## Task data
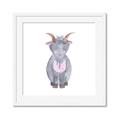 Picture of Farm Goat _GroupedProduct_Square_Mini_ _GroupedProduct_Square_Framed_Matted_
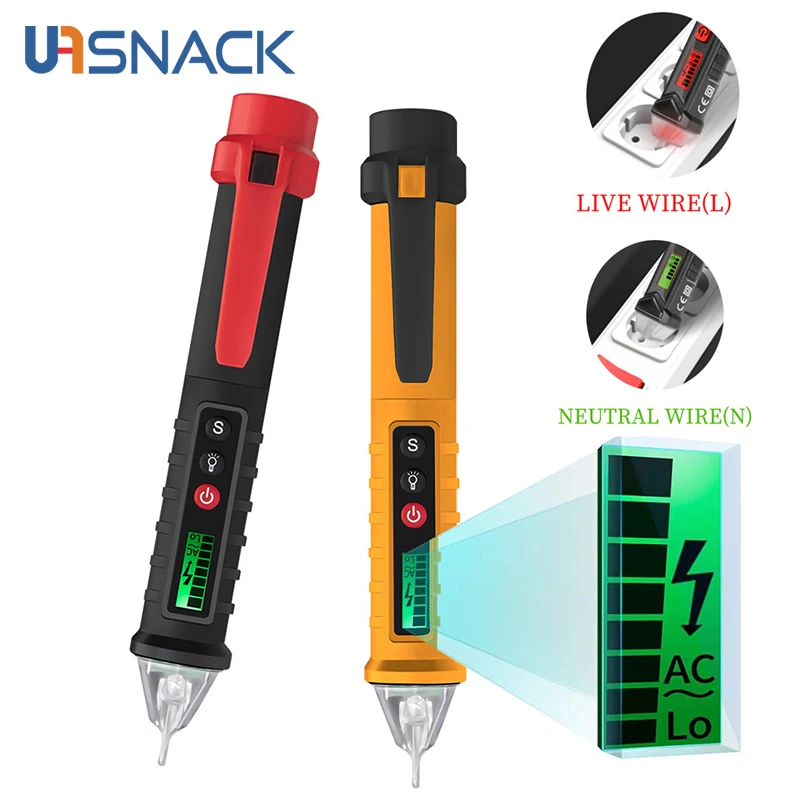

VC1010 Voltage Detector Intelligent Non-contact Pen AC Tester Meter Tester Pen Electric Indicator LED Sensor Volt Current Tester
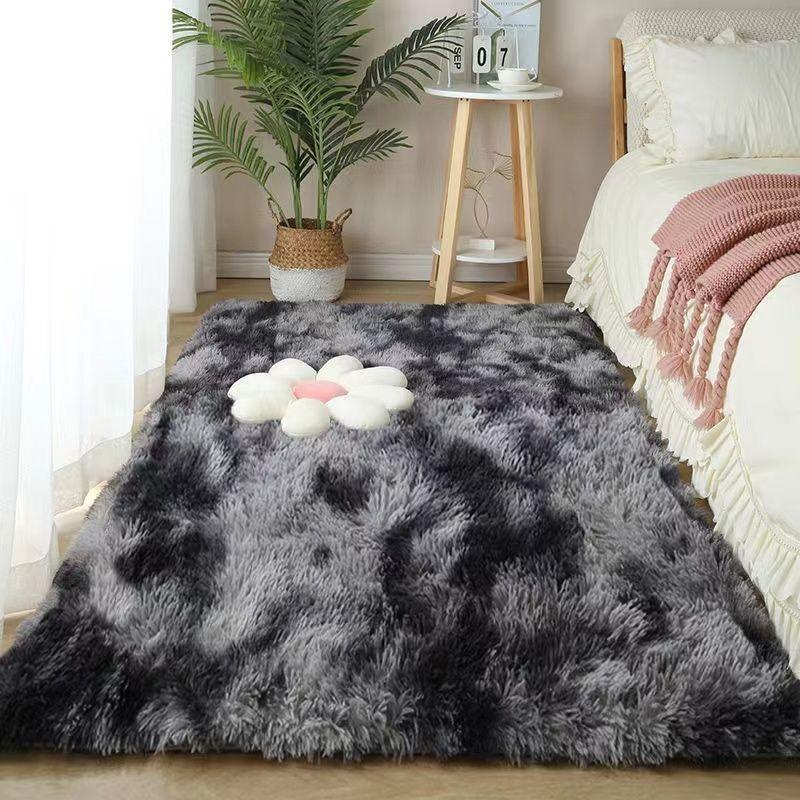 Alfombra Suave y Peluda para Sala de Estar, Alfombras Mullidas para Niños, Alfombra Grande de Área Beige de Felpa para Dormitorio, Habitación Infantil, Guardería, Decoración Moderna para el Hogar
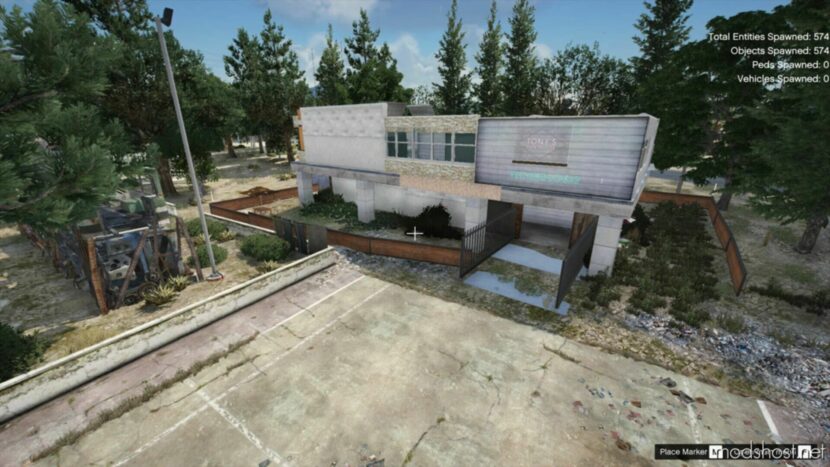 BIG House In Sandy Shores [Menyoo] for Grand Theft Auto V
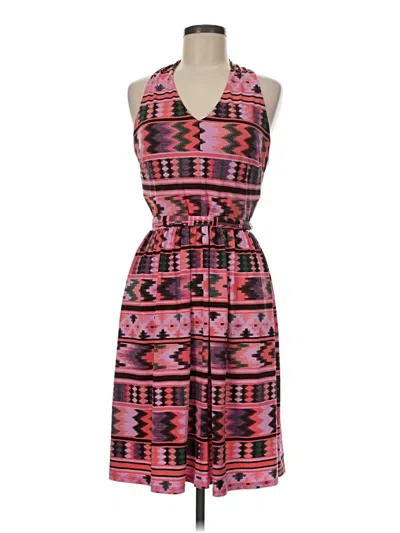 Pre-owned Sharagano Casual Dress In Pink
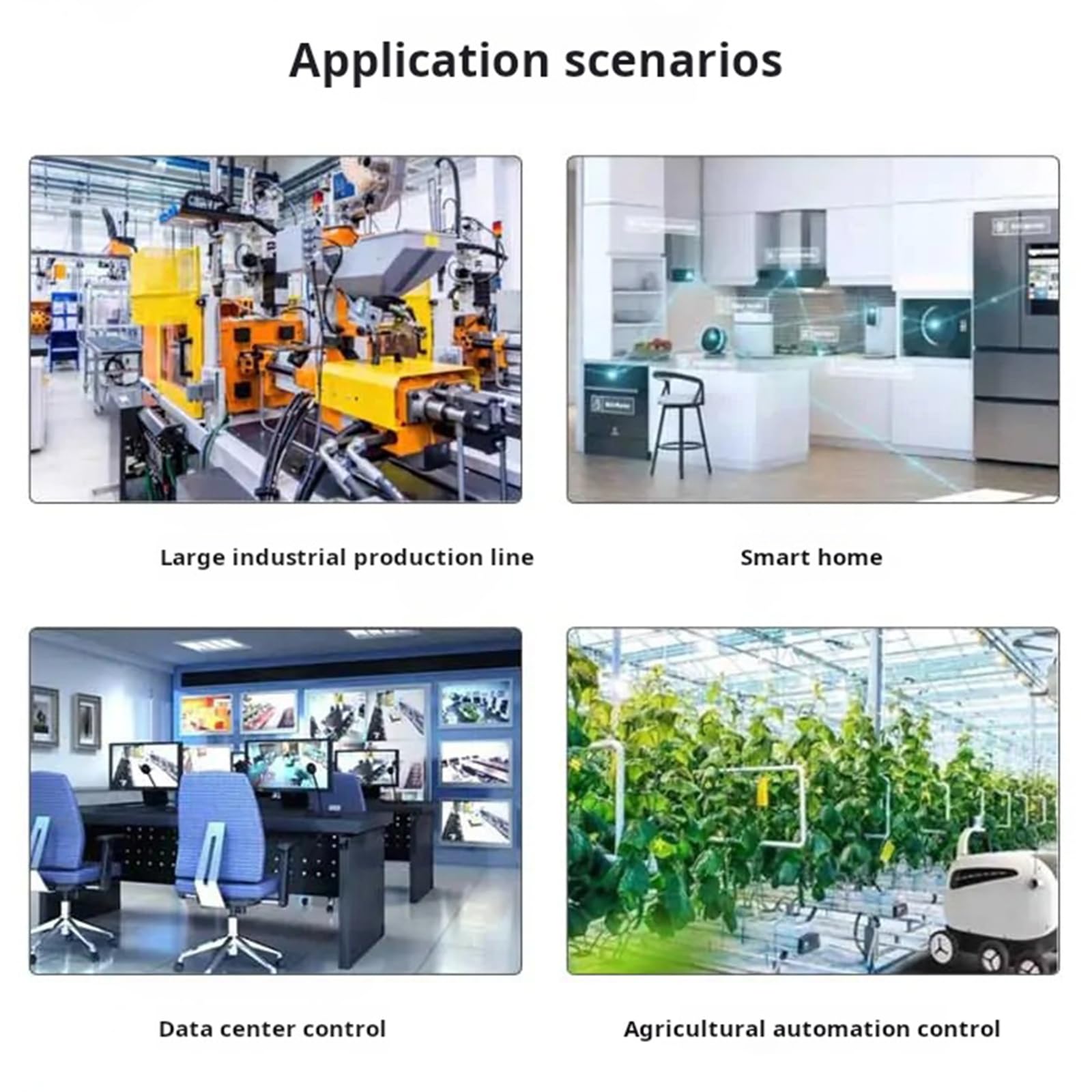 Dispositivo relè Bus Modicon Multifunzione Controllo STM32F030C8T6 con indicatori LED e modulo Controllo Trasmissione Industriale con Ingresso Ampia Tensione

## What is required
Exact copies of all the entries, without any pictures, are what the answer must contain.

## Solved exercise
 Picture of Farm Goat _GroupedProduct_Square_Mini_ _GroupedProduct_Square_Framed_Matted_

VC1010 Voltage Detector Intelligent Non-contact Pen AC Tester Meter Tester Pen Electric Indicator LED Sensor Volt Current Tester
 Alfombra Suave y Peluda para Sala de Estar, Alfombras Mullidas para Niños, Alfombra Grande de Área Beige de Felpa para Dormitorio, Habitación Infantil, Guardería, Decoración Moderna para el Hogar
 BIG House In Sandy Shores [Menyoo] for Grand Theft Auto V
 Pre-owned Sharagano Casual Dress In Pink
 Dispositivo relè Bus Modicon Multifunzione Controllo STM32F030C8T6 con indicatori LED e modulo Controllo Trasmissione Industriale con Ingresso Ampia Tensione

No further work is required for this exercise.